4 Preliminary results

In order to build the capacity of the modelling framework, the human behaviour and biophysical model input were developed and tested separately. The goal was to test and demonstrate the methods presented in this paper. They were then implemented into the umi model for step-by-step preliminary test runs.

4.1 Human behaviour results

4.1.1 Streamlined survey results

The streamlined survey generated 64 responses. Respondents included those in households with higher occupancy (mean occupancy = 4.7, and 69% with at least four-person households, 33% with at least six-person households), more respondents who lived in homes other than single-family houses (30%), such as apartments or half-way homes. These responses indicate higher occupant density in the study neighbourhoods compared with aggregated occupant behaviour models used in ASHRAE Standard 90.1 (ASHRAE 1989). While these surveys were not representative, higher occupancy rates should be considered. This survey also revealed the social relationships important to these residents. When asked about their most trusted sources of information, respondents indicated they would ask experts on energy and home improvement for advice on lowering their energy bills (55%), family members (55%) or friends (32%). Respondents indicated preferences for talking with family and friends than consulting neighbours (26%) or neighbourhood leaders (21%). These results suggest the usefulness of working through trusted experts along with family and social event venues, as well as the importance of working to connect neighbours to strengthen social capital. Although the streamlined survey provided useful information, generalisation of the results is limited because participants in community events were self-selected—and usually residents with children.

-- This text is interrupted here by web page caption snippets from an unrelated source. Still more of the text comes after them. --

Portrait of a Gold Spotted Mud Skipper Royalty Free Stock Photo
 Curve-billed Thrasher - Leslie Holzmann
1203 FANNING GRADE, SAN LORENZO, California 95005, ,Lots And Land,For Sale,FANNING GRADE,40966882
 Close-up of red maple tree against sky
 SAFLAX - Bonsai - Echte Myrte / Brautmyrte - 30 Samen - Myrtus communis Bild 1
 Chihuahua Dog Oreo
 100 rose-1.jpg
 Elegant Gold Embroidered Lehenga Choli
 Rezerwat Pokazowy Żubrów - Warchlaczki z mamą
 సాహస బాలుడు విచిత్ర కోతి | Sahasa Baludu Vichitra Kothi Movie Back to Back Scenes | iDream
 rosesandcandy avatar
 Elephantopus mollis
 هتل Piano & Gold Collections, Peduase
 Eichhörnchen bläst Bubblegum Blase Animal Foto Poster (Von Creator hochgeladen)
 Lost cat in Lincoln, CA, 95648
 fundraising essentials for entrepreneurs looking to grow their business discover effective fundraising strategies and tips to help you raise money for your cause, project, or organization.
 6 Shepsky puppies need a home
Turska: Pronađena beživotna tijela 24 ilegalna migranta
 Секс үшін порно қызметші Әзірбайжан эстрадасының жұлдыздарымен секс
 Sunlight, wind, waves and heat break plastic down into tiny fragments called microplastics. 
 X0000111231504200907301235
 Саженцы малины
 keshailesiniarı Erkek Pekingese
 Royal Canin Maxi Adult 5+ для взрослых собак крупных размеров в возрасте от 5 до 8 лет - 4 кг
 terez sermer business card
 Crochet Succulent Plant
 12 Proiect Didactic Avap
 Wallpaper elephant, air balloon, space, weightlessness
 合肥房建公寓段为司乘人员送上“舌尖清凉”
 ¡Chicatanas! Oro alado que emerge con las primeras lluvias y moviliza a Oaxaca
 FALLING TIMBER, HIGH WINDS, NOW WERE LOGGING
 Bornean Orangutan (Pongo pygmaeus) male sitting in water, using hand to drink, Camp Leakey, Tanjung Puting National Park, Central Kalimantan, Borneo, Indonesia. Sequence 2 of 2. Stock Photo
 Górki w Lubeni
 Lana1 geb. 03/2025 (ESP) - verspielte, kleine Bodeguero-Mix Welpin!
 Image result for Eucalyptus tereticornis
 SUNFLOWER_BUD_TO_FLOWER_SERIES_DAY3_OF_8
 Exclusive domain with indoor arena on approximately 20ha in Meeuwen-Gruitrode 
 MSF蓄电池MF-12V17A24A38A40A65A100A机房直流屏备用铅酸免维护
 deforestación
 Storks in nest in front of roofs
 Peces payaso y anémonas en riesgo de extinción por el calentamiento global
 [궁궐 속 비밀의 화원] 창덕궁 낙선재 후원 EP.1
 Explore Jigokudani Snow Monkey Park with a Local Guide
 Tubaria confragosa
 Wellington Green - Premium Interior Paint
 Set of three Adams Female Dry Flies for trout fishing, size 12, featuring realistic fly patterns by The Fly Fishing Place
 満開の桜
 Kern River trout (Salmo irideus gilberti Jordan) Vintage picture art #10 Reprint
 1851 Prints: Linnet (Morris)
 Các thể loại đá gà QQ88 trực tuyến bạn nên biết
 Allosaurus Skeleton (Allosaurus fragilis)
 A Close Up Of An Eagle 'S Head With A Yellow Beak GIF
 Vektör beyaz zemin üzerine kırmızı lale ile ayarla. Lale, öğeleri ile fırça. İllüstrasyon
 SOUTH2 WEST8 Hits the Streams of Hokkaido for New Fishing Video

In addition, data were less robust because the survey was significantly shorter than the mail return survey.

4.1.2 Mail-return survey

The response rate for the mail-return survey was 10.3% (86/838 eligible responses). Respondents were typically older (75% were more than 41 years old), owned their homes (84%) and were English speaking (90%). Additionally, 35% of the respondents were over 60 years old, which is the age group most vulnerable to HSIs. Answers to questions about mean daytime presence rate (MDPR) and mean night-time presence rate (MNPR), number of people in the household, and how many/which electrical appliances household residents typically used were included in the development of occupancy schedules (Table 5). Refined schedules were made by combining three weekday and three weekend schedules into four different week schedules, which were then compared with conventional ASHRAE 90.1 schedules for residential buildings (Figure 6).

Table 5

Defined occupancy schedules and their characteristics.

Week Composition

Weekday Weekend

ID MDPR (%) MNPR (%) ID MDPR (%) MNPR (%)

W-1 a 45% 50% a 65% 70%
W-2 b 45% 75% a 65% 70%
W-3 c 85% 95% b 65% 90%
W-4 c 85% 95% c 85% 90%

Notes: Each day schedule represents one of the group clusters from the neighborhood mail survey responses.

MDPR = mean daytime presence rate; MNPR = mean night-time presence rate.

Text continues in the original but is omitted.